■ Brief: Sort through the listing below and keep each line with the word "Photo". Copy those.

■ Provided records:
-- Opening Marker --

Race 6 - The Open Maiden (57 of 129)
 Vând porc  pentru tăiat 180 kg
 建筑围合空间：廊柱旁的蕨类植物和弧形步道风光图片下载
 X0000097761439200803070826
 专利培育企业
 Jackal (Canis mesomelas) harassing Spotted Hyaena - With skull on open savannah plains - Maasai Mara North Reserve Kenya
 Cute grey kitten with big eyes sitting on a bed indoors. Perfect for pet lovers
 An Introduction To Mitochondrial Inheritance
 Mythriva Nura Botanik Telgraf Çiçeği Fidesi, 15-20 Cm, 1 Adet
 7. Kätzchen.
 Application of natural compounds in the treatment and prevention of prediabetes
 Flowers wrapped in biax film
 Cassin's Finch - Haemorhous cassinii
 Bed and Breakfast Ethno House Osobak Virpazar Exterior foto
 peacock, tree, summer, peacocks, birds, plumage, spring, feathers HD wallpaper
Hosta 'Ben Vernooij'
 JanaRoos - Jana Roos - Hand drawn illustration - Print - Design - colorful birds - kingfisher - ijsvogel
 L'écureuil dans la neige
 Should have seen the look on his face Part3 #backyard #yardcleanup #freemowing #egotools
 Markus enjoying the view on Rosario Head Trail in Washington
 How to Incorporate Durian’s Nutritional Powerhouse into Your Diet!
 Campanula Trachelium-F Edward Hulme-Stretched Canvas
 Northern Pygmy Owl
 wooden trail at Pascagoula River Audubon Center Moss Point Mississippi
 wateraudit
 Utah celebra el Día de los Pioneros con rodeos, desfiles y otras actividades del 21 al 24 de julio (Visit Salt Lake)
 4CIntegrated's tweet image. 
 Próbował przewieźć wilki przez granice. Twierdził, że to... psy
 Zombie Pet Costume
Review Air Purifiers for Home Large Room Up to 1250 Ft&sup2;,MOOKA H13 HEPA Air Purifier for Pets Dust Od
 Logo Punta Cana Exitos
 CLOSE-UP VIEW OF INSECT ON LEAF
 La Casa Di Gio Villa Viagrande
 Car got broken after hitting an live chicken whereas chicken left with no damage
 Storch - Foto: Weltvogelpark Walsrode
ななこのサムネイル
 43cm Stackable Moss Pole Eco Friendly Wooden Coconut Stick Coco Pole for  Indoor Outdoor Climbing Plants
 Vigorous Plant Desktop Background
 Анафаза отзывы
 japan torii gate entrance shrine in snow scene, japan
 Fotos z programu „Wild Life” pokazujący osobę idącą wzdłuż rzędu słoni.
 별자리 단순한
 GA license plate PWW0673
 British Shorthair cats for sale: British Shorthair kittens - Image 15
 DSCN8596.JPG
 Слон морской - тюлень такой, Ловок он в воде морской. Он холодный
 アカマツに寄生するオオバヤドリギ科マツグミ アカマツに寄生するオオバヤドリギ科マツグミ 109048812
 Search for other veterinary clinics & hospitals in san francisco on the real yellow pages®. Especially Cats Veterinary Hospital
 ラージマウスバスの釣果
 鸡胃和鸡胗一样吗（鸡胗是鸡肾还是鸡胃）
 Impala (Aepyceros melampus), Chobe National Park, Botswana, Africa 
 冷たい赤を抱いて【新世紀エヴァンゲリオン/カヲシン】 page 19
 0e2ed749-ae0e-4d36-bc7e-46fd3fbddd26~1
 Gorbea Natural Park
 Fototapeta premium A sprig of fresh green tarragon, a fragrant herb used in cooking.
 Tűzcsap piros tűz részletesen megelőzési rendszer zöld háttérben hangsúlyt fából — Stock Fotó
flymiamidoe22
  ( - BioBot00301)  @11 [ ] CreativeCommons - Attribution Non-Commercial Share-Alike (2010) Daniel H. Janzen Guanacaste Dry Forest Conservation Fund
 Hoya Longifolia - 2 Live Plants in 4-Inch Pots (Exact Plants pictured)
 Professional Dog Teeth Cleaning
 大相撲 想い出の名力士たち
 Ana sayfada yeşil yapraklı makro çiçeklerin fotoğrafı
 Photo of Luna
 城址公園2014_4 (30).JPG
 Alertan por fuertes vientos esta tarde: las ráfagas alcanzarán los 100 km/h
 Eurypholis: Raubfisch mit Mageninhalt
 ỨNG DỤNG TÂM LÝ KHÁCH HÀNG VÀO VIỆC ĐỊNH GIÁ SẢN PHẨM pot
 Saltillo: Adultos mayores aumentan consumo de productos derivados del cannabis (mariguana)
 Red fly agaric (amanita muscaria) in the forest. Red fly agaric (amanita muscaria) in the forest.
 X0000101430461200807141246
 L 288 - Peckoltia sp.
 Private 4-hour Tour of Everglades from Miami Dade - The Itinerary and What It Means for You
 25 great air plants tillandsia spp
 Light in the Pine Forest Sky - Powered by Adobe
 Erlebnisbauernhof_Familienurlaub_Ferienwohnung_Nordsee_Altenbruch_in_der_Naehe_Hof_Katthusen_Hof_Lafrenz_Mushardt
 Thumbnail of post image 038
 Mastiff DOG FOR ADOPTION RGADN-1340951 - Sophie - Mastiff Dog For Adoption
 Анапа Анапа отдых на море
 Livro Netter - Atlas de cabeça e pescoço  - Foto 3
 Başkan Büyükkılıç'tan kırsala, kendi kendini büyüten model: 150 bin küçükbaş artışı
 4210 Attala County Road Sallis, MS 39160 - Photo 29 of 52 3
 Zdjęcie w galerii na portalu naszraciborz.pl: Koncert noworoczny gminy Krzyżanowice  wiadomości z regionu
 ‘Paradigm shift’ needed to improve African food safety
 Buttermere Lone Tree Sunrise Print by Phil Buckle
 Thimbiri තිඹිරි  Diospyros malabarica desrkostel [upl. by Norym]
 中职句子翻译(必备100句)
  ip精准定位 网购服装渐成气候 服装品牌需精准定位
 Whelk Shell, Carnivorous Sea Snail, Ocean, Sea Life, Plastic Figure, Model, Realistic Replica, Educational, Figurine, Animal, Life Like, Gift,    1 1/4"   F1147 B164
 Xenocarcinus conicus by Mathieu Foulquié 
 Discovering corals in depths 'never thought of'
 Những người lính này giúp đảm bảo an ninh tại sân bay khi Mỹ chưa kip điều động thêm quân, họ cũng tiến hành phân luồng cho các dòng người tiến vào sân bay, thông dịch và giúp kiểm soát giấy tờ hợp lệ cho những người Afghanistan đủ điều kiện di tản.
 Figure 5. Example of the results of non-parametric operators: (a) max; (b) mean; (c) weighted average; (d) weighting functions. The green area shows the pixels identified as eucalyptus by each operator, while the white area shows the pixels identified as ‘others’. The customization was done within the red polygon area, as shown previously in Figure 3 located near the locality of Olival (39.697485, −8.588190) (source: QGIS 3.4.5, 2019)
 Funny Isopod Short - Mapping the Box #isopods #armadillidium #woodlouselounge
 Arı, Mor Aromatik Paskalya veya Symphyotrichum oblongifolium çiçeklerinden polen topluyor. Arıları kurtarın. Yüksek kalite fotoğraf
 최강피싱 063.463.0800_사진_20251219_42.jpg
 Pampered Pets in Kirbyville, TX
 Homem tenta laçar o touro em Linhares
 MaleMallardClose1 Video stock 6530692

-- Closing Marker --

■ Answer space:
 Photo of Luna
 4210 Attala County Road Sallis, MS 39160 - Photo 29 of 52 3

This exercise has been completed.